The Defense Department emphasizes acceptance of all recommendations and controlled budgeting. Daniel Keller assures planned progress. Robert Scheidegger uses the metaphor of changing a wheel on a moving car – a warning about the difficulty of transforming critical systems during operation.
Key Messages
- The Federal Financial Control confirms the IT separation project has foundations but warns of implementation risks and success measurement.

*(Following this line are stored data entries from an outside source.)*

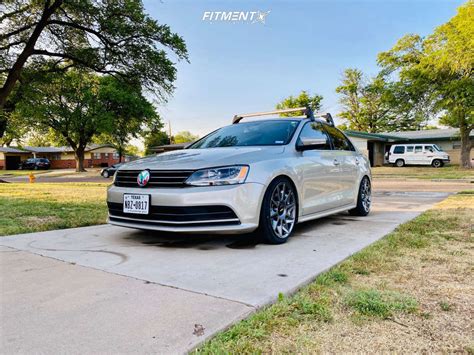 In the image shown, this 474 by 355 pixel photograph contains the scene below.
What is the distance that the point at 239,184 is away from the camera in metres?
3.42

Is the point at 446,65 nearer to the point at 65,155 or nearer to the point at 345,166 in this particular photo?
the point at 345,166

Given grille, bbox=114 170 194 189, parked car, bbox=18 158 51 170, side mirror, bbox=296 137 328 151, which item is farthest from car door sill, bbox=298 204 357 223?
parked car, bbox=18 158 51 170

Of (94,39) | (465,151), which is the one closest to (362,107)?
(465,151)

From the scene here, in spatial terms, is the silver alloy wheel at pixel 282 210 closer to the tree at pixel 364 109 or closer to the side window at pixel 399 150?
the side window at pixel 399 150

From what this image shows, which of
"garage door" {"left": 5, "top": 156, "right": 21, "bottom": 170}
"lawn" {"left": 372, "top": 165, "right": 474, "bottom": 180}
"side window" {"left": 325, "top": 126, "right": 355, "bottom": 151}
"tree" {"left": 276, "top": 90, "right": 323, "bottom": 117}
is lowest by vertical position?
"lawn" {"left": 372, "top": 165, "right": 474, "bottom": 180}

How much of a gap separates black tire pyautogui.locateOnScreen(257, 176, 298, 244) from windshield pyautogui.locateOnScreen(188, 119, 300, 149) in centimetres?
62

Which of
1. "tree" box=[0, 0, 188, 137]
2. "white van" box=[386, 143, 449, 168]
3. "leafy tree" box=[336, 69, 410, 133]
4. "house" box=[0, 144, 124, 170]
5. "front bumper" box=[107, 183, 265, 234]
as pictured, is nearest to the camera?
"front bumper" box=[107, 183, 265, 234]

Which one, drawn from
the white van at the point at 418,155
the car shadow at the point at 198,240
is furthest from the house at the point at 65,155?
the car shadow at the point at 198,240

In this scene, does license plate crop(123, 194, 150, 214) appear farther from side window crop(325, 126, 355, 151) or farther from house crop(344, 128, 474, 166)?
house crop(344, 128, 474, 166)

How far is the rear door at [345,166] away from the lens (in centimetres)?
507

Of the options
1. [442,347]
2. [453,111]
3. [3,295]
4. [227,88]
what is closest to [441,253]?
[442,347]

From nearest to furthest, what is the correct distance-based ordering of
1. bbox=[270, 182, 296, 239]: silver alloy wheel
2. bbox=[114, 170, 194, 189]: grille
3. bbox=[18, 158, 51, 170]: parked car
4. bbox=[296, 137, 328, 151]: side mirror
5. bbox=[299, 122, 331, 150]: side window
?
bbox=[114, 170, 194, 189]: grille
bbox=[270, 182, 296, 239]: silver alloy wheel
bbox=[296, 137, 328, 151]: side mirror
bbox=[299, 122, 331, 150]: side window
bbox=[18, 158, 51, 170]: parked car

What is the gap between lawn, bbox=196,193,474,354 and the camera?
171cm

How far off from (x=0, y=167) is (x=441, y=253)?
59660mm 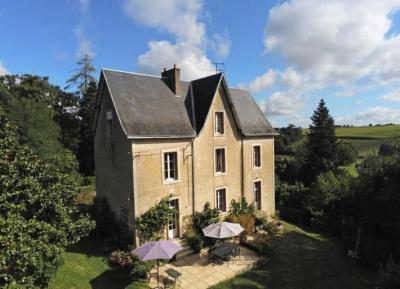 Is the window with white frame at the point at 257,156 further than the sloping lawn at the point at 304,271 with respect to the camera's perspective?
Yes

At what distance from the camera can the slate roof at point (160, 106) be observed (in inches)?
709

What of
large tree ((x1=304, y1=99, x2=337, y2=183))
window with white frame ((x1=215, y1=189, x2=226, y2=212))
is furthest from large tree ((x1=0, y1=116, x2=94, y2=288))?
large tree ((x1=304, y1=99, x2=337, y2=183))

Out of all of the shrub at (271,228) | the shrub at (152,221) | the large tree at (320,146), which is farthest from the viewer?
the large tree at (320,146)

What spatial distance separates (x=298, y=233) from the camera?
936 inches

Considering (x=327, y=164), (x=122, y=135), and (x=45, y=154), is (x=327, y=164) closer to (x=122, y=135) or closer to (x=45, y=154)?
(x=122, y=135)

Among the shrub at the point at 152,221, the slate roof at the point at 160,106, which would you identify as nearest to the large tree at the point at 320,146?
the slate roof at the point at 160,106

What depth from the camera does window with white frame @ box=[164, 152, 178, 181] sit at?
19062 millimetres

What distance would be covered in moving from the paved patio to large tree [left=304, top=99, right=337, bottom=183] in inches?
1367

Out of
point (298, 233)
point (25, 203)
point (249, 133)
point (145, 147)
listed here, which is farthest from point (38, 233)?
point (298, 233)

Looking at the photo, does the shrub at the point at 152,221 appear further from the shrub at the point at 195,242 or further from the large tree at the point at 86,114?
the large tree at the point at 86,114

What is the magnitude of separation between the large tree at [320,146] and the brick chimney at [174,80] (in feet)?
116

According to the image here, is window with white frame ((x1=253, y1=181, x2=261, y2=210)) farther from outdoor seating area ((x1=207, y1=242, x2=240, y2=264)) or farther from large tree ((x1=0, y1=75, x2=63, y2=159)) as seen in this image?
large tree ((x1=0, y1=75, x2=63, y2=159))

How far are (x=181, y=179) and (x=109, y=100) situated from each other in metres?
7.53

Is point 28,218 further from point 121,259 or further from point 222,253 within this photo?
point 222,253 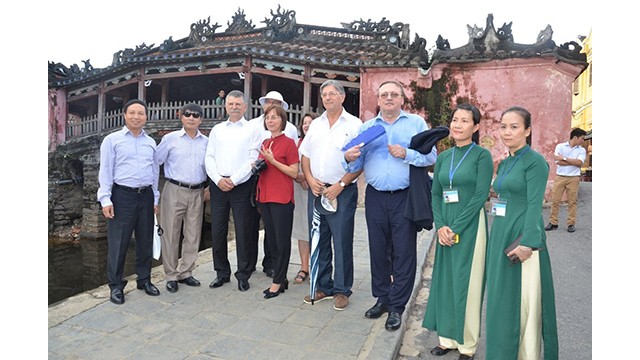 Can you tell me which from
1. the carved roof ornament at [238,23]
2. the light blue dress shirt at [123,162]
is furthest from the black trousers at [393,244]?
the carved roof ornament at [238,23]

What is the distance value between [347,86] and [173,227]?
26.5 feet

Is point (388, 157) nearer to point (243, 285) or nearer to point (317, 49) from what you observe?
point (243, 285)

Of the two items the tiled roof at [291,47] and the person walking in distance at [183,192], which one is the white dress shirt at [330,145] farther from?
the tiled roof at [291,47]

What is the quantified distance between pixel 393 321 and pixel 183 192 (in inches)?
96.2

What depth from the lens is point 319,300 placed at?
12.5 feet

- Missing benefit metrics and incomplete planning jeopardize the credibility of the 216-million-franc project (116 million spent to date + 100 million planned).
- The leadership change at the Army end of 2025 is rated as a critical risk for continuity and competence.
Critical Questions
Source Quality: What specific metrics does the EFK propose to make efficiency gains measurable? The report criticizes but offers no alternatives.
Conflicts of Interest: To what extent do external IT service providers benefit from extended project timelines and missing performance targets?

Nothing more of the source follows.